* _Work task_
All the data should be repeated exactly. Any image in it is left out.

* _Data segment_
——
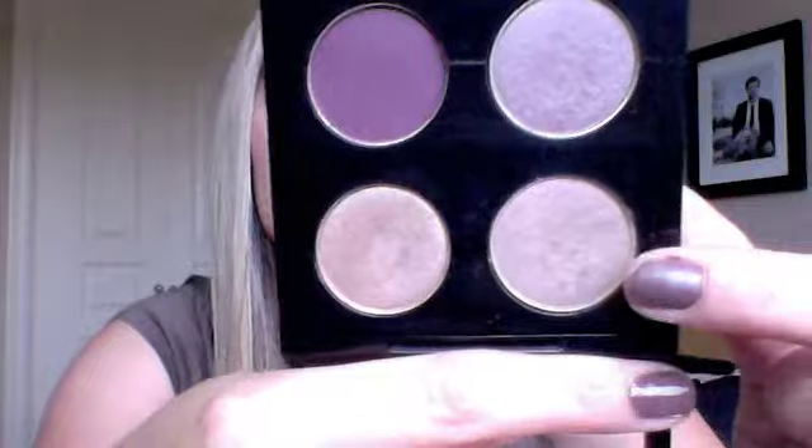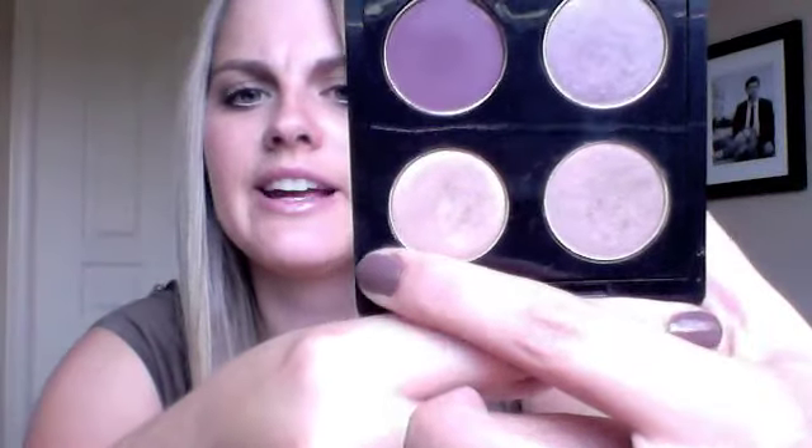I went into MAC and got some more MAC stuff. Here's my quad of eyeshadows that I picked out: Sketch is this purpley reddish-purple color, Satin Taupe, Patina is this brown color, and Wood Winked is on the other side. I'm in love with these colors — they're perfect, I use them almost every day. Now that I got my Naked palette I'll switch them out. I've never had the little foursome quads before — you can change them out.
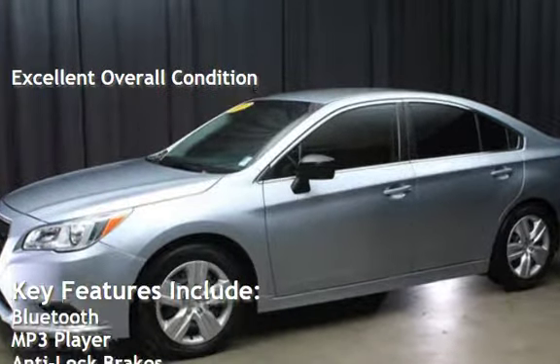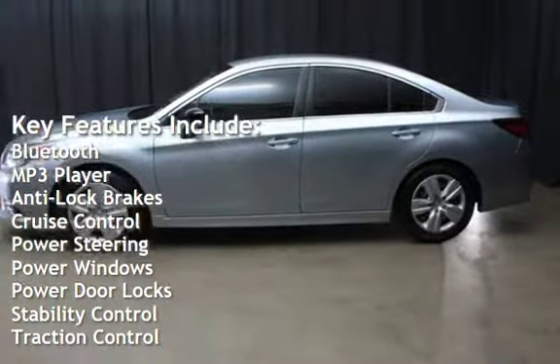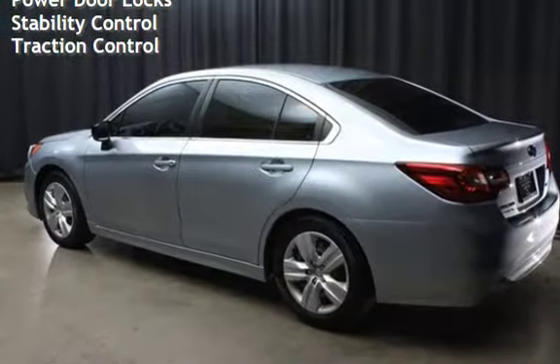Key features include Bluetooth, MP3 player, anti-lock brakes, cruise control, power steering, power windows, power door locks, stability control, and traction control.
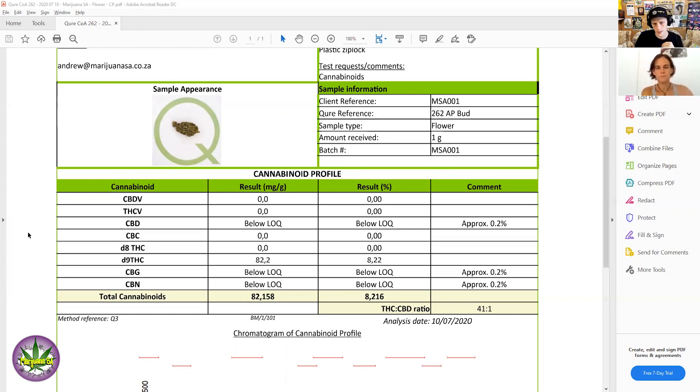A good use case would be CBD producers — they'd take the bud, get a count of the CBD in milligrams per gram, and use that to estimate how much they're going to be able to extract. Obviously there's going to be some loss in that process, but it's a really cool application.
——
* _Result of this exercise_
I went into MAC and got some more MAC stuff. Here's my quad of eyeshadows that I picked out: Sketch is this purpley reddish-purple color, Satin Taupe, Patina is this brown color, and Wood Winked is on the other side. I'm in love with these colors — they're perfect, I use them almost every day. Now that I got my Naked palette I'll switch them out. I've never had the little foursome quads before — you can change them out.
Key features include Bluetooth, MP3 player, anti-lock brakes, cruise control, power steering, power windows, power door locks, stability control, and traction control.
A good use case would be CBD producers — they'd take the bud, get a count of the CBD in milligrams per gram, and use that to estimate how much they're going to be able to extract. Obviously there's going to be some loss in that process, but it's a really cool application.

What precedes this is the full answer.